Monday, September 23 at 2:50 a.m. is the Autumnal Equinox, also known as the First Day of Fall. An equinox occurs when the Earth is neither tilted toward or away from the sun.
The Earth is tilted by 23.5 degrees on its axis, which why we have seasons in the first place. When the northern hemisphere is tilted toward the sun, we’re in summer; when the northern hemisphere is tilted away from the sun we get winter. The equinox is the moment between, when both hemispheres receive the same amount of sunlight. During the equinox, the sunrise and sunset also appear at due east and due west respectively.

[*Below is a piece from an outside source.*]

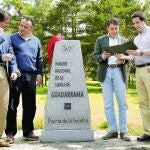 Fotografía facilitada por la Comunidad de Madrid de su presidente, Ignacio González (3d), acompañado por varios alcaldes de la sierra madrileña, durante la visita que ha realizado hoy al Parque Nacional de la Sierra de Guadarrama, en el día Internacional del Medio Ambiente.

Although equinox does translate out to “equal night” the equinox is not actually a day of equal day and night for all us of. That day also depends on your latitude. For Huntsville, our day of equal daylight and night will come a few days after the equinox on September 26th. After this day we’ll experience more night hours than daylight hours until the winter solstice.

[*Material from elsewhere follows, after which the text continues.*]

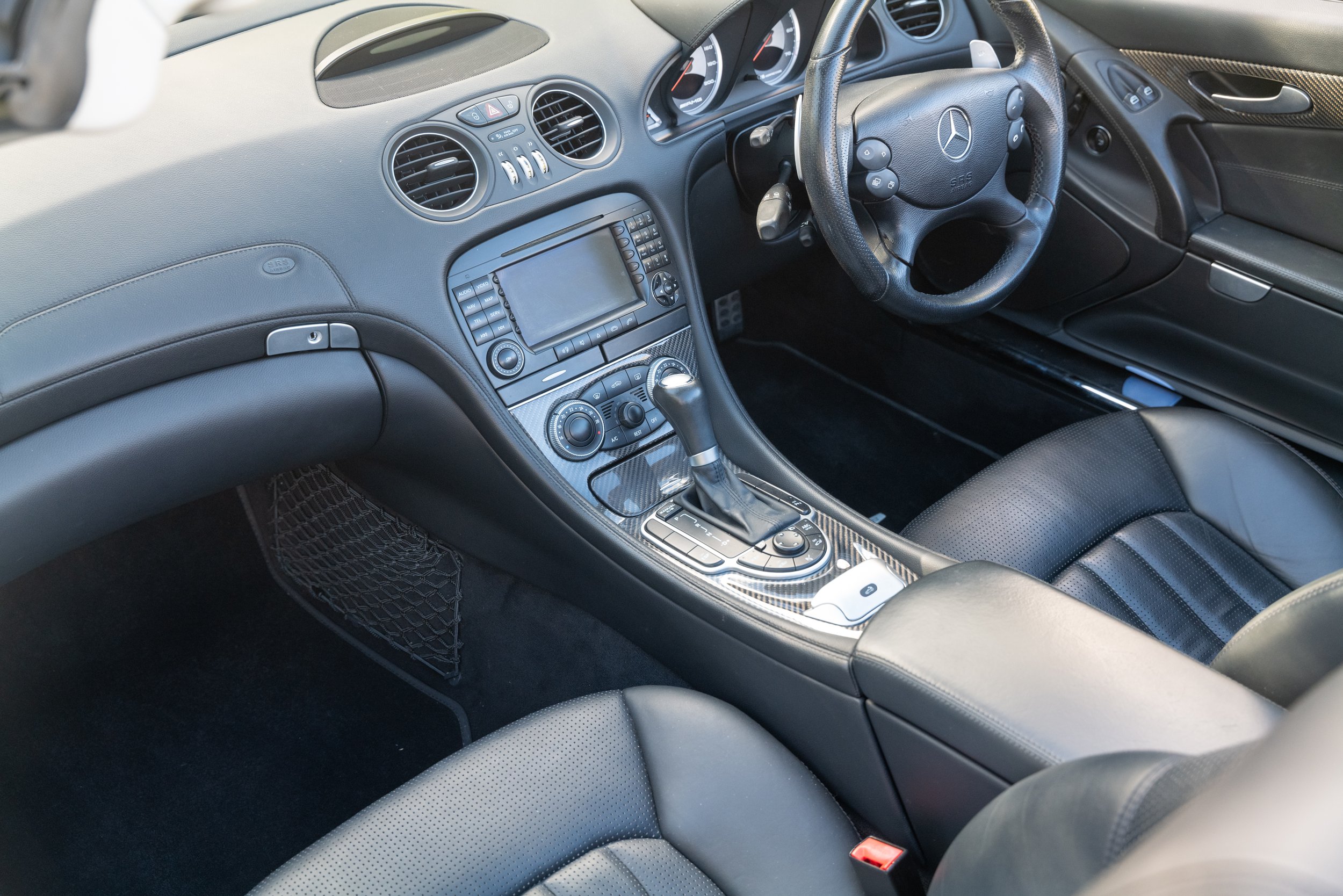 2007 Mercedes SL55 AMG - 50 - L1080885.jpg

Between now and the winter solstice Huntsville’s average temperature will drop by about 30 degrees, from 83°F to 52°F. We’ve been well above average through most of September though; in fact, September 2019 is shaping up to be the second warmest month in Huntsville’s history with an average high of 95 degrees!
Unfortunately, the “Summer Sizzle” will not come to an end despite Fall’s beginning, and forecast guidance indicate that daytime highs in the mid to upper 90s are possible through next weekend. These forecast numbers are already 10 degrees above average, but it may be possible to experience temperatures 15 to 20 degrees above average if those model guidance numbers verify!